There was an error in the original publication [1] due to a grammatical mistake. A correction has been made to the section Prognosis, Paragraph 2:

Several factors may account for the poorer prognosis of ALM in patients with skin of color. Socioeconomic status plays a significant role, influencing healthcare access and leading to infrequent medical consultations, which are associated with advanced-stage presentations and poorer outcomes. Additionally, delayed presentation to healthcare providers often stems from a lack of awareness regarding risk factors and clinical manifestations of ALM. Diagnostic delays also contribute to a worse prognosis. Physicians may exhibit a lower index of suspicion for ALM in patients with certain skin colors, leading to later diagnoses [4,13]. Ethnicity may impact survival in ALM patients. In the United States, survival rates for patients with ALM vary by race and were reported to be 82.6–69.4% in non-Hispainc Whites, 77.2–71.5% in Blacks, 72.8–57.3% in Hispanic Whites, and 70.2–54.1% in Asian Islanders [4].

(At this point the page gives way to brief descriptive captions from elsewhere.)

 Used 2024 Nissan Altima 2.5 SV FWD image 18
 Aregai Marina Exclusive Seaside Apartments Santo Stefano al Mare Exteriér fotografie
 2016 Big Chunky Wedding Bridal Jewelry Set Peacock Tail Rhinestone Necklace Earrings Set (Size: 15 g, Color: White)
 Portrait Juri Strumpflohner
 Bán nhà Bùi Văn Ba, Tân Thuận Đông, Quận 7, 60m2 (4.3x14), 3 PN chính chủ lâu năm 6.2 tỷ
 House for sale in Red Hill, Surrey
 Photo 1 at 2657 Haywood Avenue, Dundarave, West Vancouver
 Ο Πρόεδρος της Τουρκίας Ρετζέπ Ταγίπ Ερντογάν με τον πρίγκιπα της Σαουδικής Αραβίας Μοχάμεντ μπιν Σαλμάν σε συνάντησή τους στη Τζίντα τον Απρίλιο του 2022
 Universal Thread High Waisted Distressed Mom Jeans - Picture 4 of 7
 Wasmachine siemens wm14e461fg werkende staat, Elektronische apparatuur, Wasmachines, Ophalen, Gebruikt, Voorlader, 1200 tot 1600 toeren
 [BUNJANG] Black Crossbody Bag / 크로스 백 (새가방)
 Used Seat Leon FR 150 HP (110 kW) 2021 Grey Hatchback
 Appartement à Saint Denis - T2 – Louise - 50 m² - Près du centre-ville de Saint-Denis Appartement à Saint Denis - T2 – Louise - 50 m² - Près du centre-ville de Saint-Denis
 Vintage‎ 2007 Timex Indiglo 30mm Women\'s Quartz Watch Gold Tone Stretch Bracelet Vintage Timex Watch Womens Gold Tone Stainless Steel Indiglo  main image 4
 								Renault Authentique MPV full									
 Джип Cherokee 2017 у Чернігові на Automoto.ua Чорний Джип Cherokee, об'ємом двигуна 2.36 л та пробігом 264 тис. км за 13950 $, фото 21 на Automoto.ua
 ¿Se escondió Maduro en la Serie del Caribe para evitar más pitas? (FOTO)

There was an error in the original publication [1] due to a grammatical mistake. A correction has been made to the section Variation in Incidence and Outcomes of ALM Across Different Racial and Ethnic Groups, Paragraphs 1 and 2:

Examining ALM across different races and ethnicities is crucial due to the significant variations in presentation, response to treatment, and outcomes. There is a paucity of literature addressing the differences in these trends. A study by Holman et al., utilizing data from the Centers for Disease Control (CDC) and Prevention’s National Program of Cancer Registries (NPCR) and the National Cancer Institute’s Surveillance, Epidemiology, and End Results Program (SEER), analyzed ALM incidence rates from 2010 to 2019 across various racial and ethnic groups [16]. They found that, while ALM is a high proportion of melanomas in patients of color, ALM incidence overall is lower among non-Hispanic Black, non-Hispanic Asian/Pacific Islander, and Hispanic Black/American Indian/Alaska Native populations, with higher rates observed in Hispanic White individuals compared to non-Hispanic Whites. The study underscores the need to recognize ALM’s rarity while noting the higher prevalence of other melanoma types in certain groups [16].

A recent study by Ansbro et al. analyzed data from 22 SEER registries to assess trends in the incidence and mortality of ALM across different racial and ethnic groups from 2000 to 2020 [74]. They found that the incidence of ALM increased annually by 2.48%, primarily due to rising rates among Hispanics and non-Hispanic Whites, while rates remained stable for non-Hispanic Blacks and non-Hispanic Asians/Pacific Islanders. Additionally, Hispanics, non-Hispanic Asians/Pacific Islanders, and non-Hispanic Blacks had significantly higher ALM-specific mortality compared to non-Hispanic Whites, highlighting the need for targeted strategies to address these health disparities [74]. The additive effect of socioeconomic status on survival in ethnic minorities with ALM was highlighted by a Brazilian study showing correlation of income with survival [10].

The authors apologize for any inconvenience caused and state that the scientific conclusions are unaffected. This correction was approved by the Academic Editor. The original publication has also been updated.